**Data below:**
|---|

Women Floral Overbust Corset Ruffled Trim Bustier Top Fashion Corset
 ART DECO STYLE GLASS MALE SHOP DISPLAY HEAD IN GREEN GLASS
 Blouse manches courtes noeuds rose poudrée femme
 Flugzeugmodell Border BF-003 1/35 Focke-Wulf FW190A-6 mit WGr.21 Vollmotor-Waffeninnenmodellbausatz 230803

|---|

**What you need to do:** A word-for-word copy of the material above is required.

**Solution to this problem:**
Women Floral Overbust Corset Ruffled Trim Bustier Top Fashion Corset
 ART DECO STYLE GLASS MALE SHOP DISPLAY HEAD IN GREEN GLASS
 Blouse manches courtes noeuds rose poudrée femme
 Flugzeugmodell Border BF-003 1/35 Focke-Wulf FW190A-6 mit WGr.21 Vollmotor-Waffeninnenmodellbausatz 230803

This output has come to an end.